Pentaho Community Meeting 2017 Impressions

  12 Oct 2017

What a PCM this was! High attandancy rate, perfect organisation, high quality talks are just a few key points. What a glorious way to celebrate the 10th anniversary!

While I will not go through everything that was presented at PCM, I want to highlight a few points:

Let’s start first with a big THANK YOU to IT Novum, the organisers of the event in Mainz: Without a doubt, it was the best organised PCM so far. When I received a welcome pack as presenter, I already knew they were extremely serious about the event. It’s not to say that any other organisers before them were not, everyone tried quite hard, but the team from IT Novum set the standard really high.

It was the biggest PCM so far: The high registration rate already sparked some interest. I was a bit worried tough since in London for our local meetups we usual have a high registration rate but less than half of the people do actually show up. As it turned out, my worries were totally unnecessary: The big main presentation hall was packed with people and it was really great to see how much this event has grown over the last few years. There were familiar faces from the last few years, but also quite a few new ones (unsurprisingly).

There was a stronger focus this year on code quality and standards (Slawo’s talk on Automated Testing with PDI, Hiromu’s PDI Git Plugin, Matt’s PDI Unit testing plugin and my own presentation on Git and Standards (totally unbiased here of course)), which is overall a sign that the product is used in bigger projects. Overall this should not be question of on the project size tough, standards and best practices should be followed always.

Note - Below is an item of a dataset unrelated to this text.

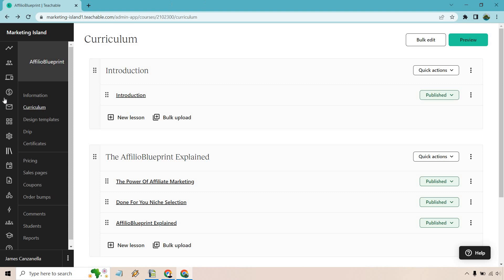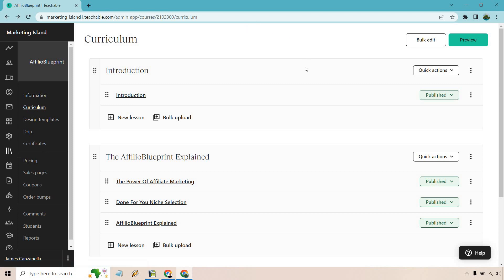So once you have a course uploaded and you have some of your materials in there, you're going to go to course and then curriculum. This is going to be beneficial or useful if you have a video that's going to be presented in the specific lesson.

There wasn’t the “I heard it first hand from the product developer” kind of moment like at earlier PCMs (the be fair this kind of stopped about 4 years ago or so). Does this matter? This is kind of difficult to answer: While this originally always added to the excitement and it felt like there was a direct feedback loop between the product developer and the community, ultimately today Pentaho/Hitachi Vantara operates in a different way. The company has grown a lot and is now part of an even (a lot) bigger company. The product is used in a many large organisations these days, Pentaho/Hitachi Vantara doesn’t just sell software any more but has over the last few years build up a services arm. These day presentations cover more the various use cases of the product(s), which is quite interesting to understand.

Networking: The PCM ultimately is all about talking to your colleagues from all over the world, understand what they are up to and how they solve business problems. I always find these conversations very interesting and quite often you learn something new or get some new ideas on how to achieve a certain outcome. I personally walked away with a long list of things I want to look into.

Presentations: There were loads of interesting presentations. The room for the technical track was completely packed. There was a long line of presentations on Saturday and I was really quite surprised that the audience enthusiastically manage to power through all of them. Normally you always have someone falling asleep and others drifting off, however, this didn’t happen this year. There were even a few presentations on Friday, since it proved problematic to fit everything into Saturday’s schedule.

The hero: At an event like PCM, there is always someone who stands out from the crowd. For the past two years this has been Hiromu Hota: He managed to surprise everyone this year again with revealing the PDI Git Plugin. He got a standing obation by the audience; many came to him to give him a handshake and tell him what fantastic work he has done for the community.

In a nutshell: I honestly enjoyed this event - it was amazing. And yes, I’ll definitely attend next year’s one as well. There are already a few suggestions for next year: Barcelona, Madrid, Geneva and Prague were mentioned. We might vote on the location via the new community page and then announce the winner.